При всей шутовской инфернальности своего искусства он мог служить эталоном нормальности и сокрушительного здравомыслия, почти не встречающихся у поэтов и художников. Он был человеком искусства с той абсолютной полнотой, какая доступна немногим, но он знал цену всему, включая искусство, и понимал, что цена эта не беспредельна. Он был гиперболичен и эксцентричен до последней степени, но постоянно поддерживал у своей аудитории чувство пропорций, которым в высшей степени обладал. Неожиданно, но закономерно, что в поражающей своей трагической безысходностью русской поэзии он оказался одним из немногих авторов, чье творчество основано на принятии и жизни и смерти и мудром примирении с их неумолимым порядком.

Последние годы жизни Пригов жил в Лондоне, с женой, сыном и внуком. Он любил свой лондонский дом, гордился налаженным бытом, к благоустройству которого прилагал немалые силы. Но московская публика почти не заметила его отсутствия — он как-то умудрялся на все откликаться, попадать на все важные культурные события, не терять контакта с аудиторией.

Один из самых знаменитых его поэтических циклов назывался «Москва и москвичи». Его первый роман, сразу приобретший заслуженную популярность, назывался «Живите в Москве». В Москве он родился и там же ушел из жизни. Его похороны всех поразили и огромной толпой, пришедшей попрощаться с поэтом в середине отпускного сезона, когда город пустеет, и общей атмосферой. Его отпевали в церкви Третьяковской галереи, а хоронили на старом Донском кладбище — давно закрытом, где большевики запретили хоронить в землю еще в 1927 году. Говорили, что специальное разрешение на эту процедуру дал патриарх.

Многие из присутствовавших на похоронах впервые узнали, что Пригов долгие годы был православным христианином — он никогда никому не говорил о своей вере. Это было неожиданно, но и естественно: особость, странность и эксцентричность были даны ему природой для искусства, а в жизни он всегда стремился быть как все.

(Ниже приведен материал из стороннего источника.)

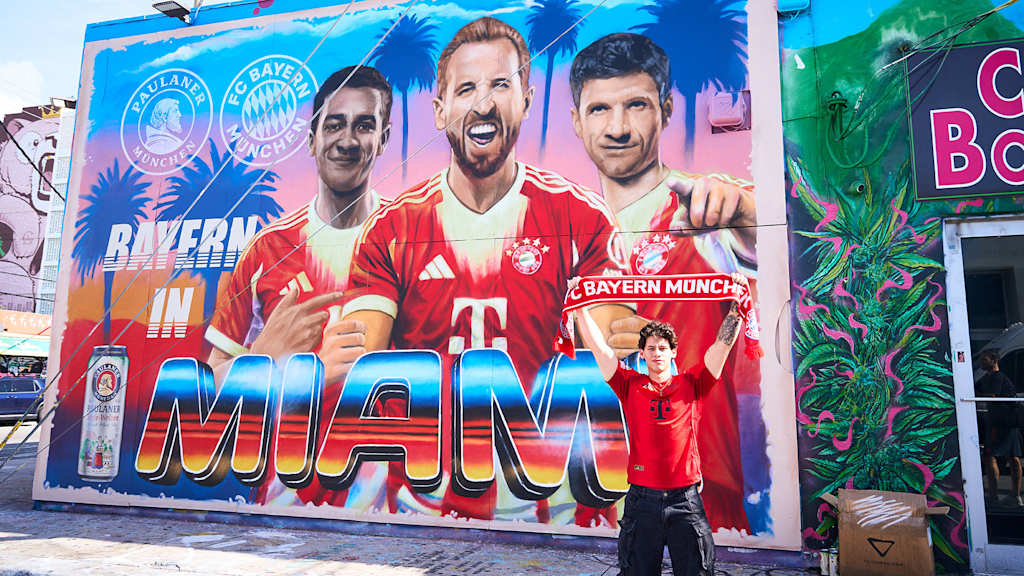 Ein FC Bayern Fan steht vor einem Mural des FC Bayern in Miami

После ухода Дмитрия Александровича многие вспоминали и цитировали его стихи, как бы задолго до того написанные на этот случай:

Бог меня немножечко осудит,

А потом немножечко простит

Прямо из Москвы меня, отсюда

Он к себе на небо пригласит

Строгий, бородатый и усатый

Грозно глянет он из-под бровей:

Неужели сам все написал ты? —

— Что ты, что ты — с помощью Твоей!

— Ну то-то же

Я помню, что это стихотворение, как и все творчество Пригова, многим в свое время казалось забавной шуткой. Многие критики и собратья по перу, даже ценя его фонтанирующий дар, склонны были относиться к нему со своего рода снисходительностью, как к клоуну, вносящему приятное разнообразие в серьезные занятия серьезных людей, занятых вечными проблемами. Только на фоне вечности все стало, наконец, на свои места.

Мало кто даже из самых горячих его почитателей сумел прочитать все десятки тысяч написанных им стихотворений. Тем не менее было ясно: пока Дмитрий Александрович, как эпический Милицанер из его ранних стихов, стоит на посту и сочиняет по четыре стихотворения в день, русская поэзия продолжается. Теперь ее будущее выглядит куда менее защищенным.